Go through the listing below and write out exactly the lines from the one that mentions "2625 Seashore Road" through the one that mentions "Free Fonts Download", minus the pictures.

**Exercise data:**
- - - - - - -

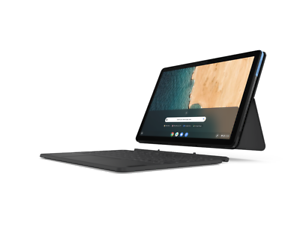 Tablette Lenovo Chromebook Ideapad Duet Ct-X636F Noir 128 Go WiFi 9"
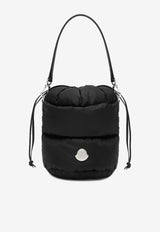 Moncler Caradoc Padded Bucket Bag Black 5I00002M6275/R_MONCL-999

- - - - - - -

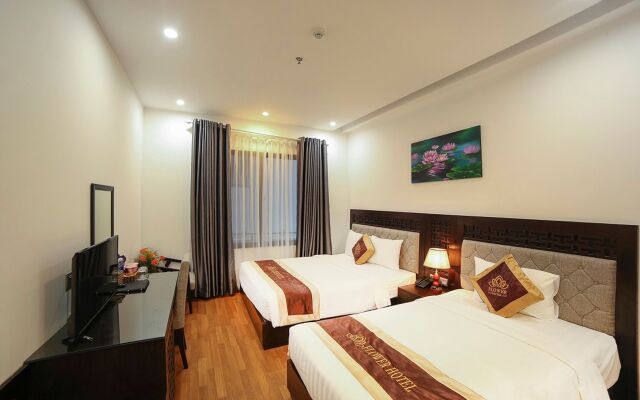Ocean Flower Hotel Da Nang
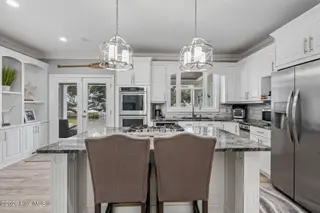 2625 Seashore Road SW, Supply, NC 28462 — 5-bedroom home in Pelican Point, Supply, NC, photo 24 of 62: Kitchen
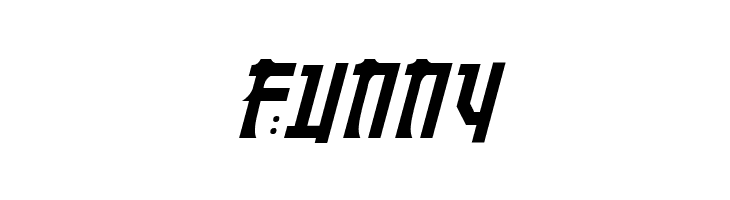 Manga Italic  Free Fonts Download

- - - - - - -

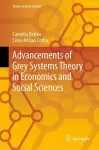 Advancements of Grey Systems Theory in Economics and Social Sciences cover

- - - - - - -

**Problem solution:**
 2625 Seashore Road SW, Supply, NC 28462 — 5-bedroom home in Pelican Point, Supply, NC, photo 24 of 62: Kitchen
 Manga Italic  Free Fonts Download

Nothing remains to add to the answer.